In short, the claim is positive, but investors will want to see evidence over time in growth of optimised MW, contract wins and stable margins.
The strategic value here looks bigger than the £36 million headline number. Drax isn’t just buying software; it’s buying a live, revenue-generating platform, market access, and a specialist team embedded in the UK flexibility ecosystem.
The RNS does not disclose Flexitricity’s revenue, profitability, contract lengths, churn, or any earn-out structure. Without that, it’s hard to judge the immediate earnings impact or integration costs. We also don’t have detail on how much of the 900MW is under exclusive, long-term optimisation versus short-term or non-exclusive arrangements.

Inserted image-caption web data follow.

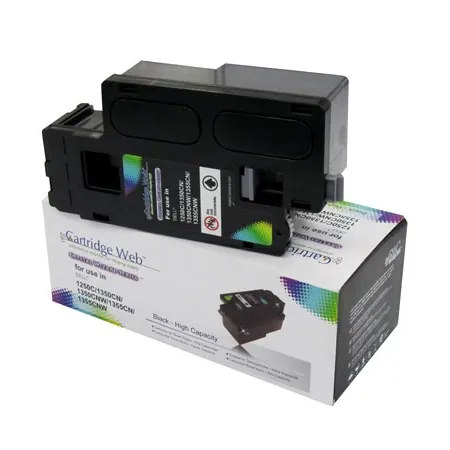 Toner Cartridge Web Black Dell 1350 zamiennik 593-11016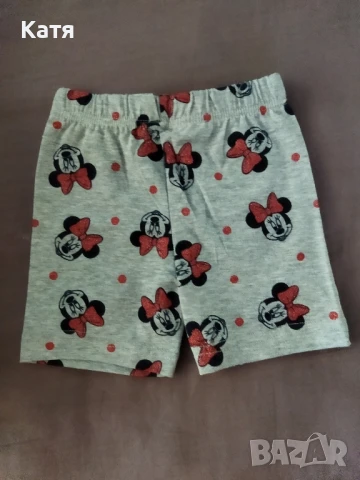 летни панталонки къси за момиче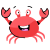 Crab icon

None of this is unusual for an initial deal RNS, but they are the numbers to watch for assessing durability of returns.
Batteries are all about timing and software. Owning the optimiser matters as much as owning the megawatts. Flexitricity gives Drax both the toolkit and the team to operate at scale, across its own assets and third-party fleets.

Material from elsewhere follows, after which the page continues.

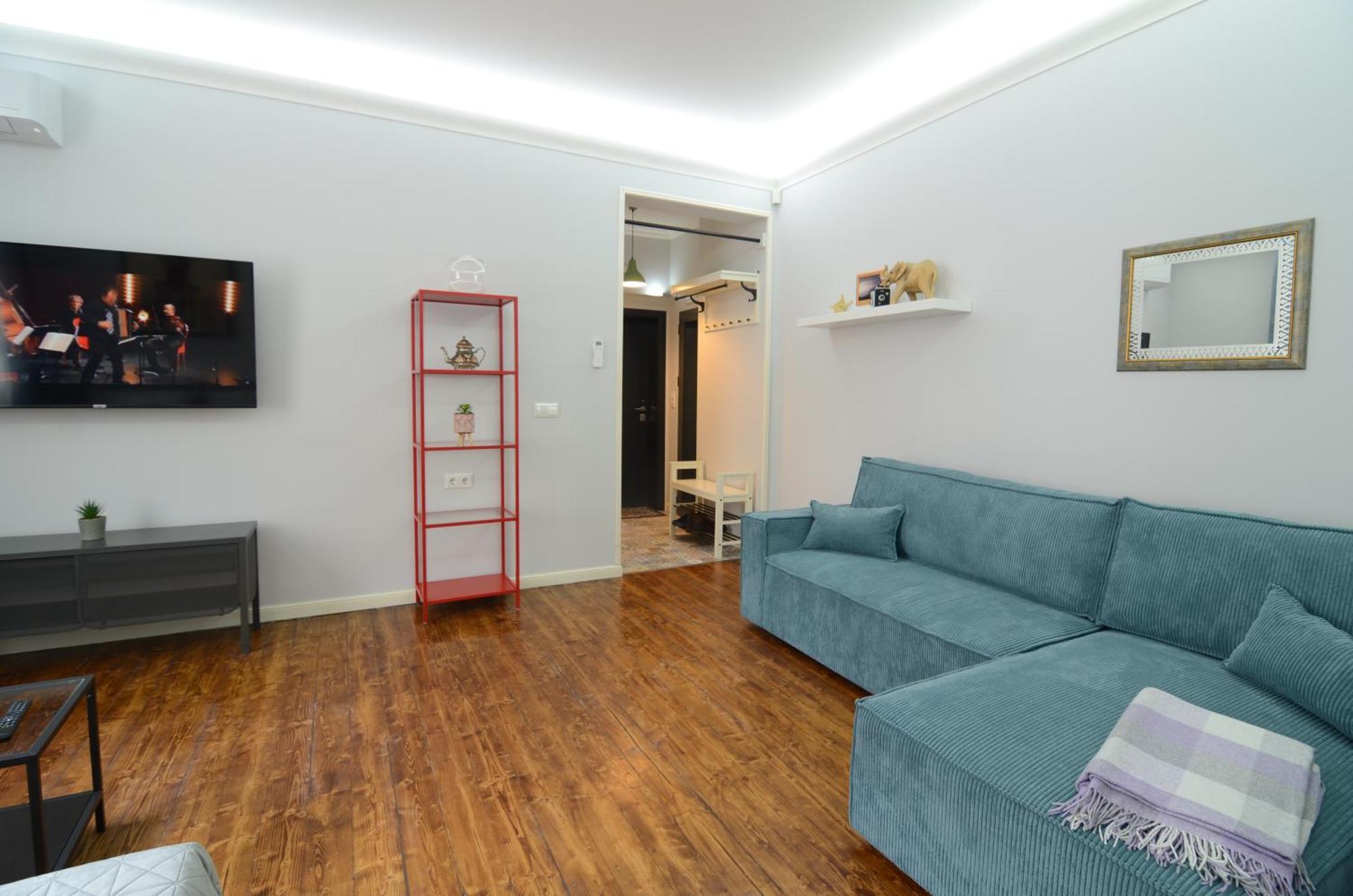 Podslon Sofia San Stefano Apartment Luaran gambar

Given the relatively modest consideration and the stated expectation of returns above WACC, this looks strategically sensible. Execution now becomes the main lever: scaling BESS, locking in quality optimisation contracts, and demonstrating stable returns through different market conditions.
This is a targeted, capability-led acquisition that neatly slots into Drax’s FlexGen strategy. Flexitricity’s 900MW optimisation footprint, AI-enabled platform and Edinburgh-based team should help Drax scale batteries and broaden energy services to customers.
The price is digestible, the logic is clear, and management is guiding to returns above WACC. If Drax executes on integration and growth, this could be a meaningful enabler of the GW-scale BESS plan. Until completion, keep an eye on approvals and any further colour on Flexitricity’s financials and contract profile.